Hoje, o que eu quero melhorar é enfrentar o meu conservadorismo. É chegar nos momentos que o jogo pedir, que eu estiver no placar e que eu souber que ali o meu emocional está tomando conta, é ser racional, enfrentar o momento que eu pensar um pouco mais passiva, um pouco mais emotiva, e fazer o que eu tenho que fazer. É sair da quadra com aquela sensação de que 'cara, o que estava no meu controle, eu deixei tudo na quadra'. Então é mental mesmo. E cada vez mais buscando a bola, né? Quando eu apoio e pego a bola, hoje eu tenho muita qualidade. Minha bola não deve a nenhuma bola de nenhuma outra menina. Não sei quais delas pegariam até mais forte ou teriam mais qualidade e mais armas de jogo. Além de tudo, eu sou canhota.

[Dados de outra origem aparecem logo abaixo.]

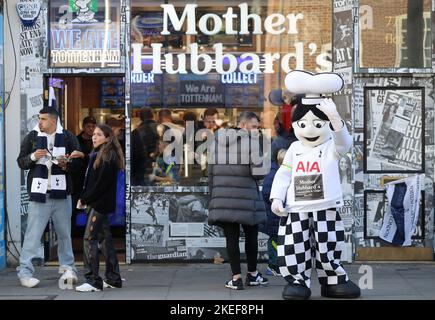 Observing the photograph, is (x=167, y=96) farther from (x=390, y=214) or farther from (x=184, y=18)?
(x=390, y=214)

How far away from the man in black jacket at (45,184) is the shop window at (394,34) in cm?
406

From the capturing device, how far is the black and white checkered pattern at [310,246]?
806 centimetres

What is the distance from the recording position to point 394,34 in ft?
34.4

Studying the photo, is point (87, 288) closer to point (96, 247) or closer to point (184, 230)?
point (96, 247)

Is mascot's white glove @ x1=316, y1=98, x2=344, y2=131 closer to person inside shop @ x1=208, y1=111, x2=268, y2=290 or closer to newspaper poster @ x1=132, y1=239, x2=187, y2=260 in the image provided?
person inside shop @ x1=208, y1=111, x2=268, y2=290

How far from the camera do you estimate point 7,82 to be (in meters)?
10.3

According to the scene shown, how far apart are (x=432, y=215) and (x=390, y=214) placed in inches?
22.3

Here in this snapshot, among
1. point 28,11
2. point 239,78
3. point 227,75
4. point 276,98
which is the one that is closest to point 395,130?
point 276,98

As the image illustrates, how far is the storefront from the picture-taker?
10.4 meters

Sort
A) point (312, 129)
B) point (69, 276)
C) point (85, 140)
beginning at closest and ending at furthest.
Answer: point (312, 129) < point (69, 276) < point (85, 140)

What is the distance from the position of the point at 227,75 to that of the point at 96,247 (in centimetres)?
312

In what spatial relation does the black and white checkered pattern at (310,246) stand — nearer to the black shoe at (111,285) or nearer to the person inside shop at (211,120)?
the black shoe at (111,285)

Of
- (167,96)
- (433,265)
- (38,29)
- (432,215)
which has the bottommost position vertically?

Então eu colocaria mais essa condução mental mesmo.

Tecnicamente, você se sente no nível top já?
Eu sempre posso melhorar, mas eu me vejo tecnicamente e tenisticamente... O meu tênis está ali nas 30 melhores do mundo. A minha cabeça e a minha condução mental vão me levar aonde eu conduzir elas, né? Então, tenisticamente eu vejo eu fazendo coisas muito boas dentro da quadra, principalmente nos treinos. Eu ainda não joguei o que eu treinei, né? Agora, a minha intenção é jogar o que eu venho treinando.

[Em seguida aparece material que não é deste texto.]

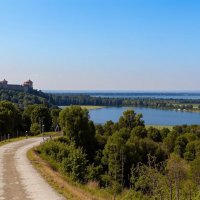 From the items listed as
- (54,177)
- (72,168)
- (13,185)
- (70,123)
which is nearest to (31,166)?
(72,168)

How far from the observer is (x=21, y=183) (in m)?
22.1

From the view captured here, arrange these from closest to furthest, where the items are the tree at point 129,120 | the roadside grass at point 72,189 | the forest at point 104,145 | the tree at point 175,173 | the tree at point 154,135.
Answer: the tree at point 175,173 → the roadside grass at point 72,189 → the forest at point 104,145 → the tree at point 154,135 → the tree at point 129,120

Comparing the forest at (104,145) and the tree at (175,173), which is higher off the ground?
the tree at (175,173)

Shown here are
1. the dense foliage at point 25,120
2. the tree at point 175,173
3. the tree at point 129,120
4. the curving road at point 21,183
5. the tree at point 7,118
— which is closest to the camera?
the tree at point 175,173

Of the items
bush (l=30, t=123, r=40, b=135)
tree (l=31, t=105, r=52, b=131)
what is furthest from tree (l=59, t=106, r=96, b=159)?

Eu lembro que alguns anos atrás você tinha um discurso muito de diminuir expectativa, de não puxar pressão pra você? Você mudou essa postura, ou eu estou enganado?
Não, hoje eu sou mais realista. Eu acho que você ser brasileiro, você já tem uma expectativa muito alta por ser Brasileiro, né? Por exemplo, em Miami eu joguei, joguei contra a Badosa, Joguei contra a Sabalenka, contra a própria Sakkari, e tinha muito mais gente torcendo pra mim naquele jogo. Então o brasileiro já cria uma expectativa muito grande em cima de mim, em cima de poucos jogadores que a gente teve no topo representando, né? É um país muito grande, é um país que depende muito de resultado, e sempre foi o ambiente que eu fui inserida. Eu cresci em São Paulo, eu cresci nos clubes, eu cresci com todo mundo me colocando como uma promessa do tênis feminino, então eu sempre tive muita expectativa e muita pressão dentro de mim, né? Então eu acho que era uma forma até de eu conseguir...

Se proteger?
Me proteger. Só que eu acho que você ser verdadeira, você ser sincera, você colocar o pé no chão e falar: 'Cara, onde eu tô? Realmente, hoje eu posso ganhar um 250, eu posso.' Então quando eu vou pra um 250, eu vou porque eu acredito que eu posso ganhar um 250. Então hoje se eu tiver saudável, se eu tiver com as coisas claras, se eu tiver com as pessoas certas, eu acredito no meu tênis, eu acredito nas coisas grandes que eu posso fazer. Não é a toa que eu estou tendo boas semanas, então quando eu falo de expectativa, quando eu falo de metas, eu tenho os pés no chão. O tênis é um esporte que depende de ponto, depende de ranking, depende do outro às vezes subir e descer, mas o que está no meu controle, aos poucos, eu tenho muita ciência: eu não me coloco nem acima nem abaixo. Hoje eu sou realista.

Hoje você acredita que pode entrar num slam, talvez em Roland Garros e ser campeã?
Eu acredito! O circuito, ele é muito aberto. Ele tem ali 20 meninas que são o primeiro pelotão, que são meninas que realmente tenisticamente e mentalmente elas são acima...

E até nesse nível tem oscilação.
Tem. Mas ali da 30 do mundo até a 80 do mundo, é muito, muito parecido. Tanto que agora, em Indian Wells, acho que das top tem duas cabeças só que estão nas oitavas de final. E muitas vezes você entra na quadra, tem uma 10 do mundo e uma 80 do mundo, e você às vezes não sabe quem é a 80 e quem é a 10. O nível é muito parecido, e isso me faz acreditar muito em mim, faz eu ter certeza de que eu estou fazendo coisas boas e que se eu seguir fazendo o meu trabalho, uma hora eu vou criar oportunidade para acontecer.